--- YOUR OBJECTIVE ---
Repeat all the data word for word.

--- DATA PROVIDED ---
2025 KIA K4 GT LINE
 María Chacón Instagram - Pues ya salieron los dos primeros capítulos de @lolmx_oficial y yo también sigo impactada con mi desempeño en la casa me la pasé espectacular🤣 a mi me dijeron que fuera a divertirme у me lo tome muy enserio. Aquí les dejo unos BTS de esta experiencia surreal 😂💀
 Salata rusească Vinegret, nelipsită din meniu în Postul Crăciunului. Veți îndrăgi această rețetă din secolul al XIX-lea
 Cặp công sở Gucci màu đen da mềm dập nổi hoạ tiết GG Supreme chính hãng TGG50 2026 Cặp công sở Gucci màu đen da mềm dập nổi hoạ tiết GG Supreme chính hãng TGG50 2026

--- ANSWER SPACE ---
2025 KIA K4 GT LINE
 María Chacón Instagram - Pues ya salieron los dos primeros capítulos de @lolmx_oficial y yo también sigo impactada con mi desempeño en la casa me la pasé espectacular🤣 a mi me dijeron que fuera a divertirme у me lo tome muy enserio. Aquí les dejo unos BTS de esta experiencia surreal 😂💀
 Salata rusească Vinegret, nelipsită din meniu în Postul Crăciunului. Veți îndrăgi această rețetă din secolul al XIX-lea
 Cặp công sở Gucci màu đen da mềm dập nổi hoạ tiết GG Supreme chính hãng TGG50 2026 Cặp công sở Gucci màu đen da mềm dập nổi hoạ tiết GG Supreme chính hãng TGG50 2026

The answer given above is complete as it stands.